In what proved to be a thrilling Q3 on a wet track, Hamilton and Nico Rosberg appeared to have the edge but Ricciardo repeatedly claimed P1 from the two Mercedes drivers.
Hamilton’s last-moment pole position was the 32nd of his career, however it will be Ricciardo’s first front row start. Rosberg had to settle for third while McLaren rookie Kevin Magnussen claimed fourth place ahead of double World Champion Fernando Alonso.
Jenson Button, Kimi Raikkonen and Sebastian Vettel all failed to make it through with Raikkonen’s qualifying ending nose-first in the wall. They finished P11, 12 and 13.
It was dry and windy as we headed into the first Q1 of 2014 with the ambient temperature at 26C and the track at 31C. Rain was in the air and so the two Mercedes W05s led off a pack of cars anxious to get a time on the board.
It was slicks for everyone, but the Mercedes were going to try and get through the first session without going for Soft tyres and stuck with the Mediums. Others, like Massa and Bottas, went straight for the Soft tyre, knowing that with the increased durability this year they could get more than one hot lap out of it.

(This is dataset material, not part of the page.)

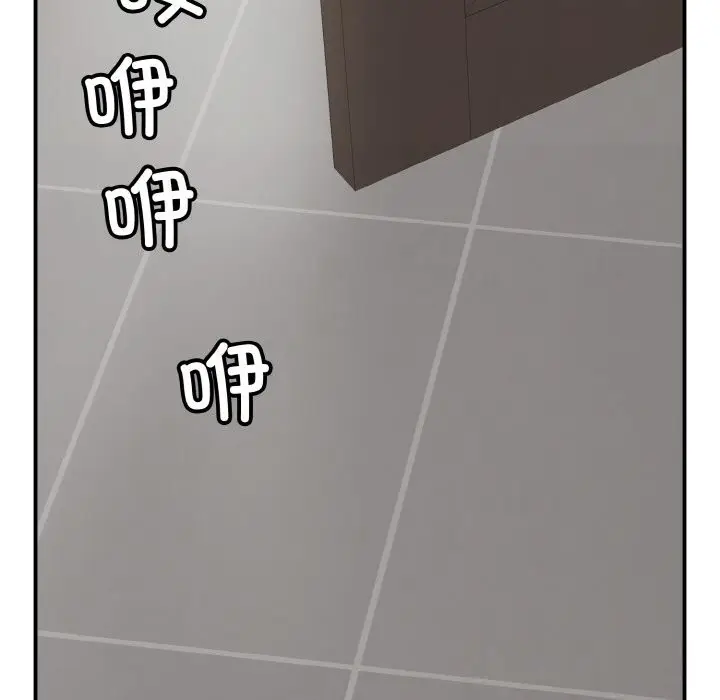漫画《再爱我一次》第31话第179张图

Lewis Hamilton set the first timed lap at 1:31.699, followed by Massa 1:31.549 and then McLaren rookie Kevin Magnussen with a 1:30.949 that included a lurid powerslide. Then something to set the home fans buzzing, Daniel Ricciardo went top with a 1:30.775.
Continuing the theme from testing and early practice, the Lotus cars were struggling to get out of the pits. Nico Rosberg couldn’t match Lewis Hamilton’s earlier time and the skies were getting darker. Significant rain started to fall in the middle of the session and with seven minutes left it became impossible to set a faster time. Sauber sent Gutierrez out on Inters but only to get a balance, as he was firmly in the bottom six cars.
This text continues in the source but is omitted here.